This study addresses the problem of selecting optimal experiments to maximally reduce the uncertainty bounds of a target causal query when causal effects are only partially identifiable and experimental costs are constrained. The authors formulate this as a maximum utility optimization problem, evaluating each experiment by its worst-case reduction in bound width and leveraging the underlying causal graph structure to efficiently prune low-value candidates. They introduce a novel path-interception rule combined with an ID-algorithm-based identifiability check, enabling linear-time identification of zero-utility experiments and drastically reducing the otherwise super-exponential search space. Empirical results demonstrate that their method prunes 50–88% of candidate experiments on average over random graphs and bnlearn benchmark networks without solving polynomial programs, and successfully identifies the optimal intervention strategy for estimating the effect of physical activity on diabetes using NHANES data.

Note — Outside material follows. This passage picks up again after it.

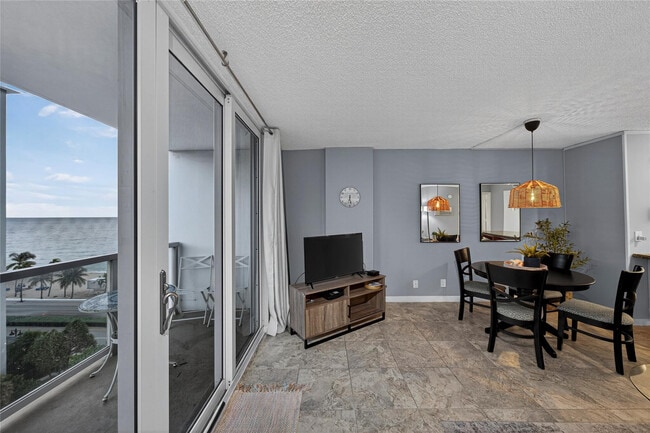 Photo - 209 N Fort Lauderdale Beach Blvd Unidad 8D
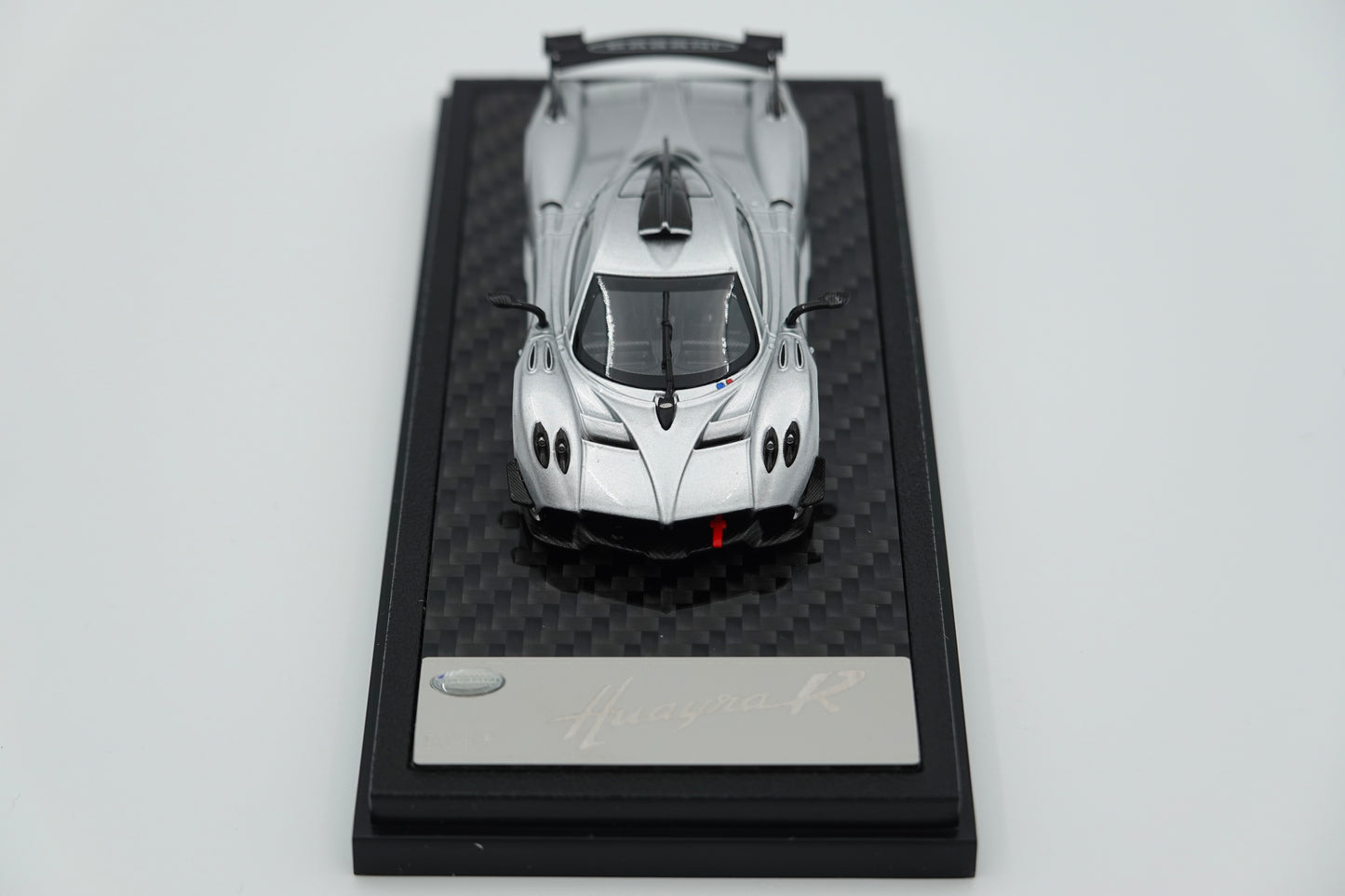 LCD Models | Pagani Huayra R | 1:64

Causal queries are often only partially identifiable from observational data, and experiments that could tighten the resulting bounds are typically costly. We study the problem of selecting, prior to observing experimental outcomes, a cost-constrained subset of experiments that maximally tightens bounds on a target query. We formalize this as the max-potency problem, where epistemic potency measures the worst-case reduction in bound width guaranteed by an experiment, and show that this problem is NP-hard via a reduction from 0-1 knapsack. Building on the polynomial-programming framework of Duarte et al. (2023), we give a general procedure for evaluating epistemic potency in discrete settings. To control the super-exponential search space, we introduce two graphical pruning criteria that depend only on the causal graph and the query: a novel path-interception rule that exploits district structure to certify zero potency in linear time, and an identifiability check based on the ID algorithm. On Erdos-Renyi random graphs and 11 bnlearn benchmark networks, the two criteria together prune 50-88% of candidate experiments on average without solving a single polynomial program. For the general subset search, we show that ID-pruned experiments are combinatorially inert, yielding a super-exponential reduction in the number of subsets evaluated. We close with an end-to-end demonstration on observational NHANES data, selecting optimal experiments for estimating the effect of physical activity on diabetes.